The Privacy Act of 1974

New revelations from Snowden.


June 1, 2014

The late 1960’s and early 1970’s was the heyday of legal privacy as we came to know it in the 20th century. From the Supreme Court first came the family planning cases that made contraception legal in 1965, and which continued up to abortion rights and most recently the decriminalization of sodomy law almost always used against same sex relationships.  Next came a decision that required law enforcement to obtain a warrant for tapping a phone line for content and the subsequent Congressional action to instantiate that decision; those laws are the foundation for the current Electronic Communications Privacy Act.  Consumer protection privacy laws were continuing apace with rules that required companies that kept “scores” on individual’s credit to allow the individual access and the right to correct the record in the event of misidentifications or mistake.   Another flavor of this era is the law that produced one of our better known sectoral laws, FERPA, or the one that protects education records. Often overlooked is the plainly named Privacy Act of 1974.

The Privacy Act protects the records about individuals that various federal agencies collect. Here’s the rule: one agency cannot share those records with another agency, subject to exceptions, such as law enforcement.  For example, the Department of State has the records of my successive passports, including the photographs.  Were I to become a suspect in a domestic law enforcement case, let’s say violation of federal drug laws, I suspect that with proper procedure the F.B.I. could get my passport photo from State.  Likewise, the applicant of U.S. visa could be obtained by the Department of Justice in an immigration case.  Or by the Department of Justice through the FISA Court in a terrorist investigation.  That exception makes sense, setting aside the issue of the lower standard for the FISA Court, and the very existence of a secret court in a democratic republic, for the momentary sake of argument.

In today’s NYT, there is an article about another of Snowden’s disclosures: facial recognition tools that the N.S.A. operates.

From the perspective of national security, I would think it remiss if the N.S.A. did not use these tools.  Heck, Facebook does, why should our government in service of protecting us from criminal activity not!  The privacy perspective does not change that thought, but it adds process to it.  What is the procedure?  How is it documented?  And how are these actions in accordance with the Privacy Act?

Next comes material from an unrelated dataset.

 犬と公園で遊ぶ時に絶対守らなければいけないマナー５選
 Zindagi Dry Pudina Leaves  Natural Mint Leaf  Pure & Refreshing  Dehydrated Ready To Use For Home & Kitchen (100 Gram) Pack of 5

The big question: Is the law enforcement exception handled on a case by case basis, for example are the exceptions made about individuals who have crossed the threshold into becoming suspects under either the criminal procedure of the Fourth Amendment or the FISA court?  Or is State and the N.S.A. and DOJ and any other agency sharing or obtaining whole data bases of information about individuals, including photographs, with each other?

If it is the latter, it rings the same bells of concern that arose when we learned that section 215 of the USA Patriot Act was being used to collect all telephony metadata.   In that case, it is still debatable whether it is a legal act.  If in this case agencies are sharing whole data bases, it would seem a clear violation of the Privacy Act.   Could the EFF or investigative journalists help us find out?